EXERCISE GOAL :: When you reach the line containing "29 Sprague Street, Waterbury, CT", repeat that line and each one after it exactly until the records end, leaving out pictures.
[Opening EXERCISE MATERIALS section]
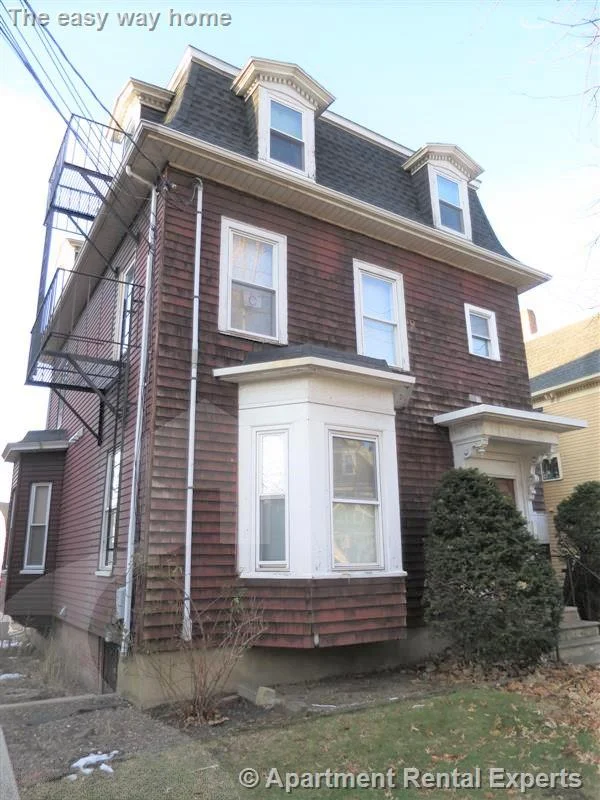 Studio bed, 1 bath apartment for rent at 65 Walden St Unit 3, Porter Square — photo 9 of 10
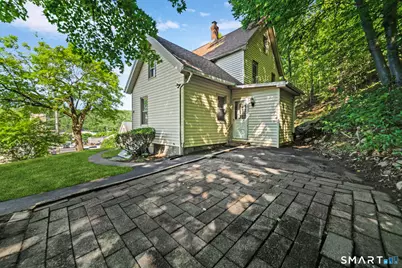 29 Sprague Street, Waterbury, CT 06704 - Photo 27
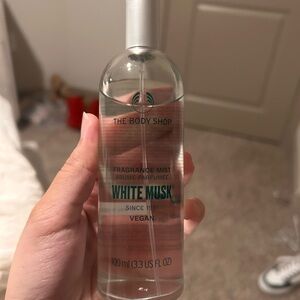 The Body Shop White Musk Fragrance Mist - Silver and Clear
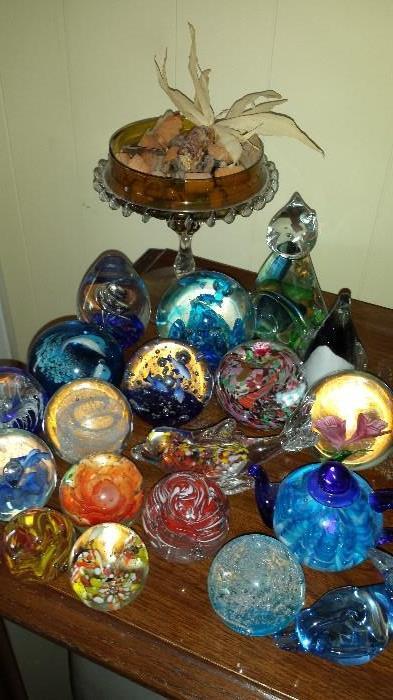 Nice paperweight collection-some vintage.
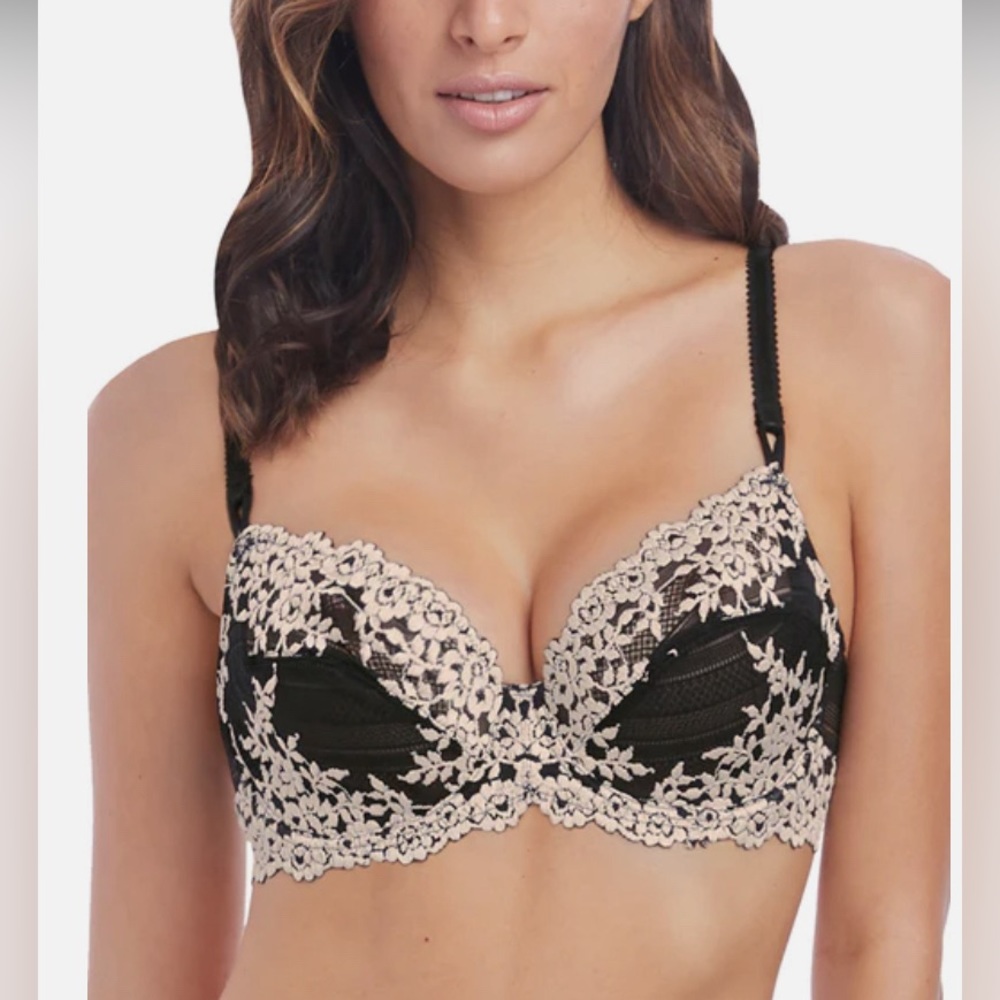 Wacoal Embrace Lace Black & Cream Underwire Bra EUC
[Closing EXERCISE MATERIALS section]
ANSWER SPACE ::
 29 Sprague Street, Waterbury, CT 06704 - Photo 27
 The Body Shop White Musk Fragrance Mist - Silver and Clear
 Nice paperweight collection-some vintage.
 Wacoal Embrace Lace Black & Cream Underwire Bra EUC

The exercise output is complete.